** Opening Data under study block **

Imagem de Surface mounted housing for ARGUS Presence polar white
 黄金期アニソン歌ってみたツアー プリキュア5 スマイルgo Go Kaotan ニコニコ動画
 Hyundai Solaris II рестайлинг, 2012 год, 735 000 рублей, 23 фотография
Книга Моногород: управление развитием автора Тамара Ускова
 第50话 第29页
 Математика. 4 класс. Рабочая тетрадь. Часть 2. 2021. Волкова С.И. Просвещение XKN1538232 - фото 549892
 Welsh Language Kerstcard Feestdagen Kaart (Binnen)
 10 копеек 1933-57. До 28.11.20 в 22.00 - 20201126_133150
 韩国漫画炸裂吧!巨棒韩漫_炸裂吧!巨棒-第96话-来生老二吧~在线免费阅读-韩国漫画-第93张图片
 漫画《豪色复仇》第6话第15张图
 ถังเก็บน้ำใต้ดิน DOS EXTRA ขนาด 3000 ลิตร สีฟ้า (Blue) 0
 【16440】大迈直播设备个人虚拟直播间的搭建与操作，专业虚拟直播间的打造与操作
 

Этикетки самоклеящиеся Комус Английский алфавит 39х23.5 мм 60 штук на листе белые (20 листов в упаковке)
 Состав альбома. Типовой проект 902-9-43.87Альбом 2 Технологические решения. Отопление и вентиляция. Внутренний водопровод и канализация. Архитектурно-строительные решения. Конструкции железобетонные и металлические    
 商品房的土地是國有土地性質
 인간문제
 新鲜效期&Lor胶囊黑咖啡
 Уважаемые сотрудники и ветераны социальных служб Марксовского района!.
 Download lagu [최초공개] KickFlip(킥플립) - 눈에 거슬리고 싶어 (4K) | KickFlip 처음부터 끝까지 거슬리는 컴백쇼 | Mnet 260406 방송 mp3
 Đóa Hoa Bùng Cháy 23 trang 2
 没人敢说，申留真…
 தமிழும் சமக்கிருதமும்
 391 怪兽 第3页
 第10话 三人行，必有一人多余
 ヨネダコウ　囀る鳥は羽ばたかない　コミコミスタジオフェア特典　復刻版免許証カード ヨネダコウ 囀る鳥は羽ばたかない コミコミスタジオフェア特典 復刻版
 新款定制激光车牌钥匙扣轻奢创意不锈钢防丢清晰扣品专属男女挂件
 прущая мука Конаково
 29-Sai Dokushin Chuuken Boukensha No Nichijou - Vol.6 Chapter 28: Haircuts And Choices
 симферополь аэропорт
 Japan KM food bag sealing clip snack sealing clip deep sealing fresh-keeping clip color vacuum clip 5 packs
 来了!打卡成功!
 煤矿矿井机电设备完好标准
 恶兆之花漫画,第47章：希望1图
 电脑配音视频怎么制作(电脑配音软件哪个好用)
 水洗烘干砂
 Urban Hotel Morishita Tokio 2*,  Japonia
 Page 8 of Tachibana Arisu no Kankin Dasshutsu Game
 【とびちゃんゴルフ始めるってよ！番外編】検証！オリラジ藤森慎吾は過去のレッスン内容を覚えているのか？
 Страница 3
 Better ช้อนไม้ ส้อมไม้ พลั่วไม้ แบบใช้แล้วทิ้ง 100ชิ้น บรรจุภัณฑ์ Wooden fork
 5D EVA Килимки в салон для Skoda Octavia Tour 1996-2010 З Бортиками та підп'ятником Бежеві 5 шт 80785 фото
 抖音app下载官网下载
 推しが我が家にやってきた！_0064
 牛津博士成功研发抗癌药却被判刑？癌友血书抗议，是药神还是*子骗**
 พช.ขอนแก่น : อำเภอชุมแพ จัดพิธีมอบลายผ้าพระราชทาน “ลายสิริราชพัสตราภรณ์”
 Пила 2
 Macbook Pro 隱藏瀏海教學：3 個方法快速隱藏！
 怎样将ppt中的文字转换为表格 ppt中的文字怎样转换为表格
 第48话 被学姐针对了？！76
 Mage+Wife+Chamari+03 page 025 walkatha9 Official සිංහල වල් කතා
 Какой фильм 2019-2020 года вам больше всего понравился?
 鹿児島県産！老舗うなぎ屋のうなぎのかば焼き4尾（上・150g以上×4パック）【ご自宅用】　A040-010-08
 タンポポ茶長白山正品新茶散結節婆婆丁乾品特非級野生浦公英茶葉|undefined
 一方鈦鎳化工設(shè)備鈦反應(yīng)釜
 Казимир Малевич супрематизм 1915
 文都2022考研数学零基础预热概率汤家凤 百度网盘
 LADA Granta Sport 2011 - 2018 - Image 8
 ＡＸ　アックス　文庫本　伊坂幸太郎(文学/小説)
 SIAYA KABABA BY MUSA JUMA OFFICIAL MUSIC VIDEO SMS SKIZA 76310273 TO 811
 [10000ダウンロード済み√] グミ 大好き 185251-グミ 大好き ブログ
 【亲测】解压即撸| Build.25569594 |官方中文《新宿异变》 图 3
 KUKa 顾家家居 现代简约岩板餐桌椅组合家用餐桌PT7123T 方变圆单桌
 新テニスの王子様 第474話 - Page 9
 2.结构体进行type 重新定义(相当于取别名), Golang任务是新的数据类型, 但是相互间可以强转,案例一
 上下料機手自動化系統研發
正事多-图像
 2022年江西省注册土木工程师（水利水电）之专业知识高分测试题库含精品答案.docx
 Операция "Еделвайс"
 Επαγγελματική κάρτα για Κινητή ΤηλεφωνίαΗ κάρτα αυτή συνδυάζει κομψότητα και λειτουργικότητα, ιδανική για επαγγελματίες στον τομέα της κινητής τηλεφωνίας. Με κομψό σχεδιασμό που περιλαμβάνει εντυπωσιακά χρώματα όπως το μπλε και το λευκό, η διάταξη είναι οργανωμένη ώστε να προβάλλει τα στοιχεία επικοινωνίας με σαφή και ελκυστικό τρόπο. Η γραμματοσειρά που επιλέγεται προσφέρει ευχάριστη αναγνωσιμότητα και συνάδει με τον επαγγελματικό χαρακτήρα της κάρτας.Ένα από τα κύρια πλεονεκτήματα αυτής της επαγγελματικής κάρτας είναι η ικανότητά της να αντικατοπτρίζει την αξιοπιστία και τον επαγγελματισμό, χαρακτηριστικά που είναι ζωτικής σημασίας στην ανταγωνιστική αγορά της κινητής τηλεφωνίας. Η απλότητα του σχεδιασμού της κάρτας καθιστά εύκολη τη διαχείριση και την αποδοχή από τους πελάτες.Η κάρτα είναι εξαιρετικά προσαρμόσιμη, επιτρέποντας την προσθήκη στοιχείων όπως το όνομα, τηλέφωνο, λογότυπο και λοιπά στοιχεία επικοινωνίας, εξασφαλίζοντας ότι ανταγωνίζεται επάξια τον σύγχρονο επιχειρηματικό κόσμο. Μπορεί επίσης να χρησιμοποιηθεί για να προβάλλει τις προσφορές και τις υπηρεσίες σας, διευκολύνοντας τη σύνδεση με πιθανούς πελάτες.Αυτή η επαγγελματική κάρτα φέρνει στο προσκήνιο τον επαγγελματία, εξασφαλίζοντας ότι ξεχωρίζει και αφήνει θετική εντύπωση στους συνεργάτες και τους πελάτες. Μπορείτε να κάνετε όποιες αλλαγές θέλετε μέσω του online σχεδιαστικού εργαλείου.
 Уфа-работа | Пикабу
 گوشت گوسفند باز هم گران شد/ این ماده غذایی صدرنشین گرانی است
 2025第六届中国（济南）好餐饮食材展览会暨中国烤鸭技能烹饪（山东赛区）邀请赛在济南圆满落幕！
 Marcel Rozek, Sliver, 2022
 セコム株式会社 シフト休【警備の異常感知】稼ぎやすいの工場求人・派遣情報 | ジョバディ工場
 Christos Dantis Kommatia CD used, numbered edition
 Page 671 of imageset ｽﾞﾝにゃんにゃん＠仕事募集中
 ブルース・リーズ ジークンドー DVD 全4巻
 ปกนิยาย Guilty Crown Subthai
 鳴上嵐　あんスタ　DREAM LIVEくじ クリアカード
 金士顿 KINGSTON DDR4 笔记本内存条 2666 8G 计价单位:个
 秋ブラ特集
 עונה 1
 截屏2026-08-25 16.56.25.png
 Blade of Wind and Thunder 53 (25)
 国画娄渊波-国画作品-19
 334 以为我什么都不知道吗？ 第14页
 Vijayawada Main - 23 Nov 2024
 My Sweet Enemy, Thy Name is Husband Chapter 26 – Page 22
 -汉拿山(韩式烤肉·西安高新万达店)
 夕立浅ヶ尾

** Closing Data under study block **

Work instruction: Leave out every line ahead of the one containing "Blade of Wind and Thunder 53 (25)" and print the rest of the listing exactly.

Solution for this task:
 Blade of Wind and Thunder 53 (25)
 国画娄渊波-国画作品-19
 334 以为我什么都不知道吗？ 第14页
 Vijayawada Main - 23 Nov 2024
 My Sweet Enemy, Thy Name is Husband Chapter 26 – Page 22
 -汉拿山(韩式烤肉·西安高新万达店)
 夕立浅ヶ尾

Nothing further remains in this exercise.